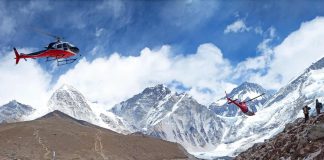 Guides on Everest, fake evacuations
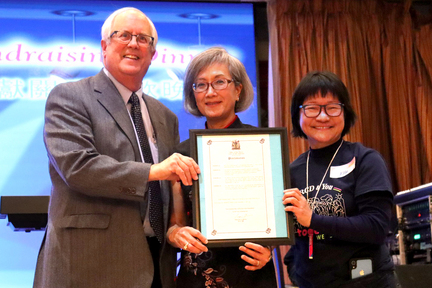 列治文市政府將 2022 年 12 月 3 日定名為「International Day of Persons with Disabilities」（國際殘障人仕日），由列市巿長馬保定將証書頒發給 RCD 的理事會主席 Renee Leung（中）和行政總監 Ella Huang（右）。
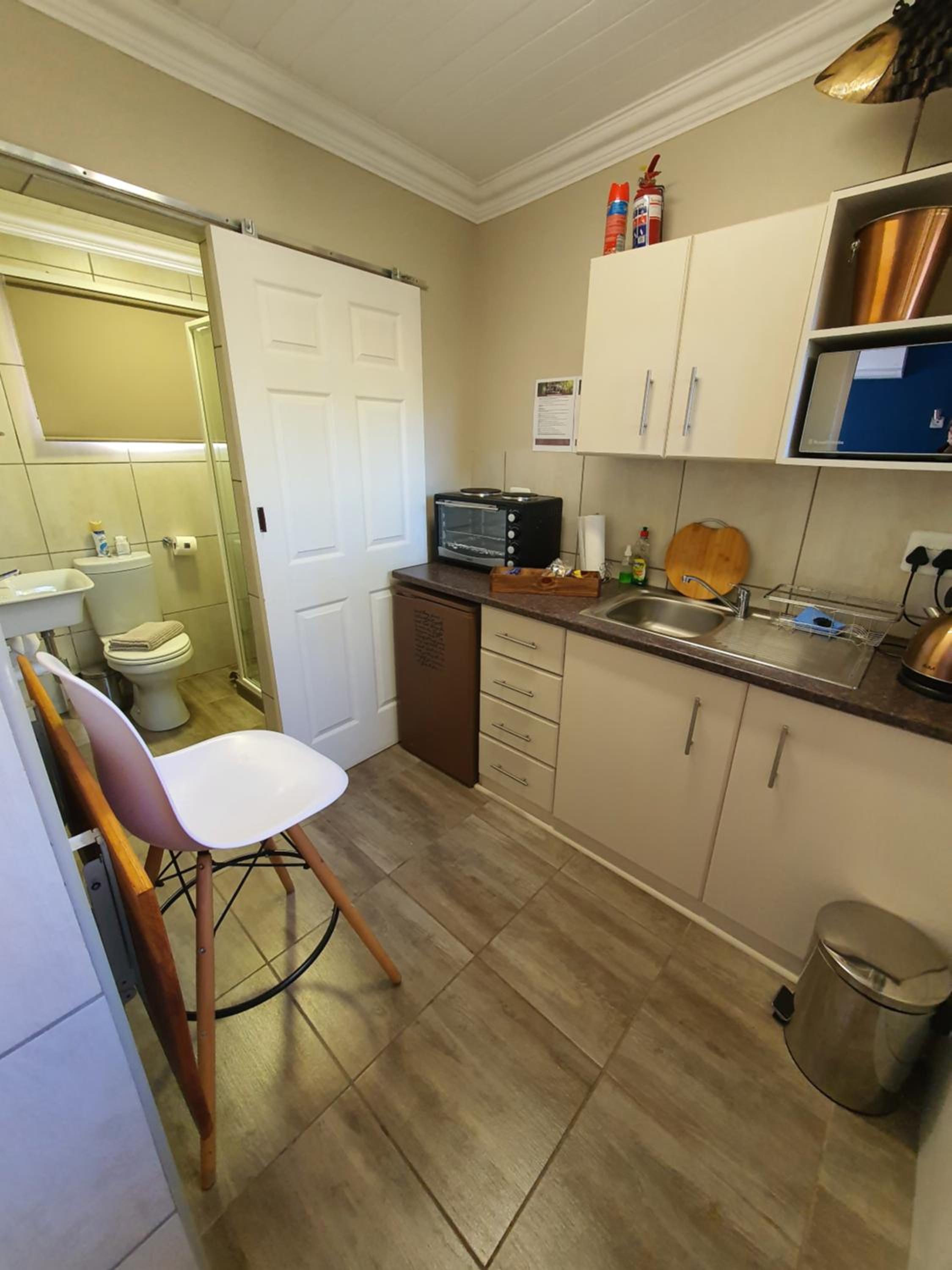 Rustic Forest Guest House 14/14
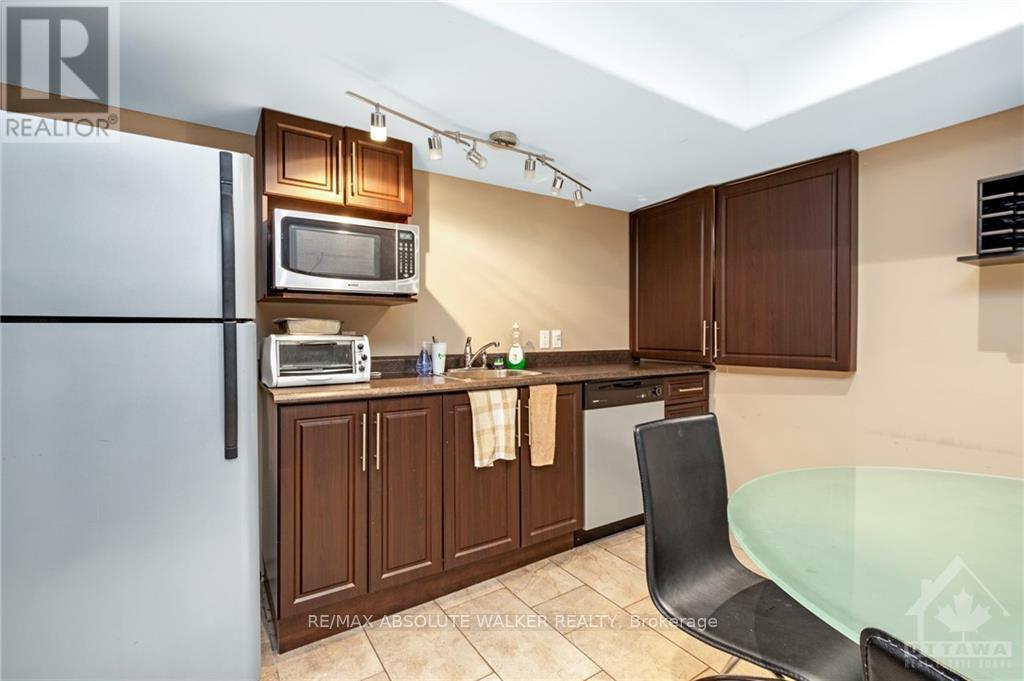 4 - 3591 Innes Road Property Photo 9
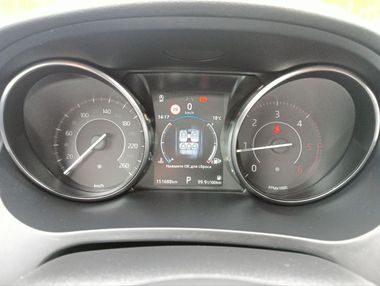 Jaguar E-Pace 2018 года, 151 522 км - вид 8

**About this exercise:** Which lines run from the one containing "列治文市政府將 2022 年" to the end of the data above? Set down those lines exactly, and only those, without any pictures.

**Written solution:**
 列治文市政府將 2022 年 12 月 3 日定名為「International Day of Persons with Disabilities」（國際殘障人仕日），由列市巿長馬保定將証書頒發給 RCD 的理事會主席 Renee Leung（中）和行政總監 Ella Huang（右）。
 Rustic Forest Guest House 14/14
 4 - 3591 Innes Road Property Photo 9
 Jaguar E-Pace 2018 года, 151 522 км - вид 8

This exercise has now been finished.